(Supplied material begins)

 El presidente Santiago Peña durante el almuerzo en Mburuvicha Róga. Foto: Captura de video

(Supplied material ends)
(Supplied material begins)

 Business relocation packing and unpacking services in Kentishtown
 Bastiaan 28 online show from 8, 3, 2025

(Supplied material ends)
(Supplied material begins)

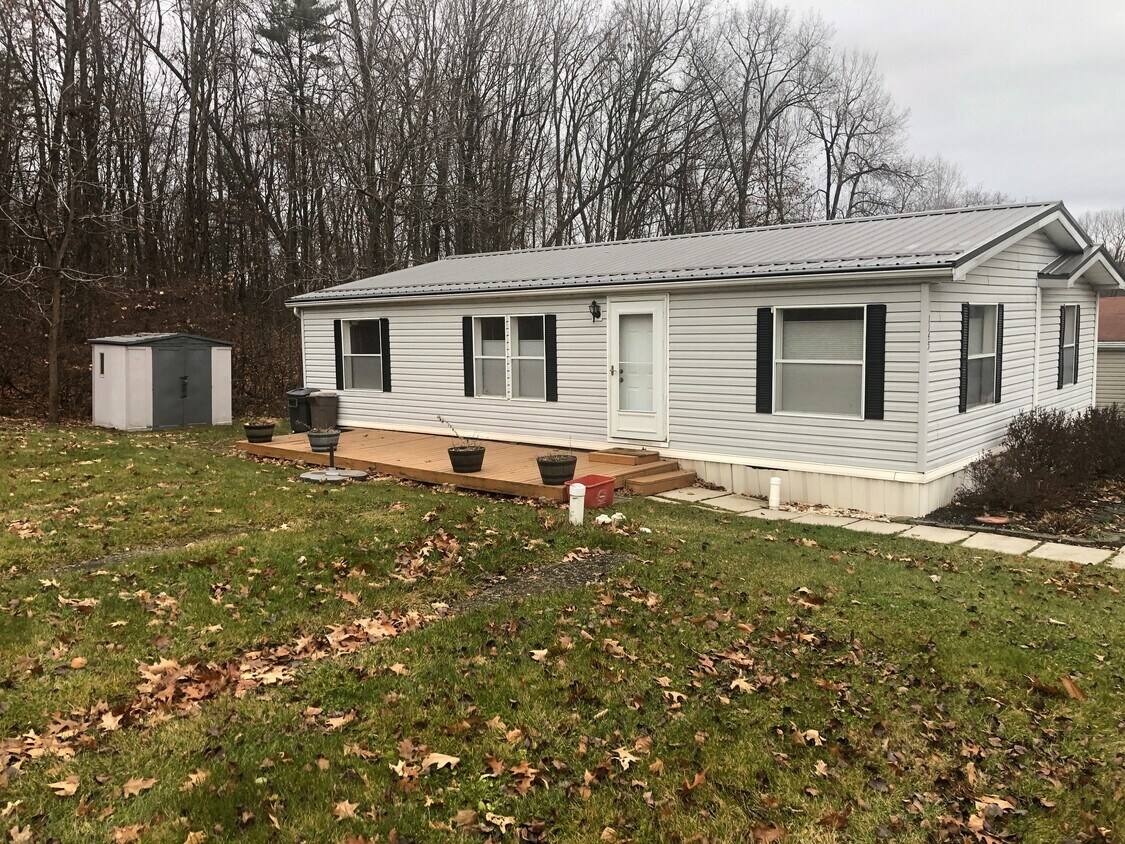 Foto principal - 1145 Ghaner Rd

(Supplied material ends)

■ Activity ■
Transcribe each line of the data above, unaltered, from the one where "Business relocation packing" appears to the one where "Bastiaan 28 online show from 8, 3, 2025" appears, inclusive of both.

■ Exercise answer ■
 Business relocation packing and unpacking services in Kentishtown
 Bastiaan 28 online show from 8, 3, 2025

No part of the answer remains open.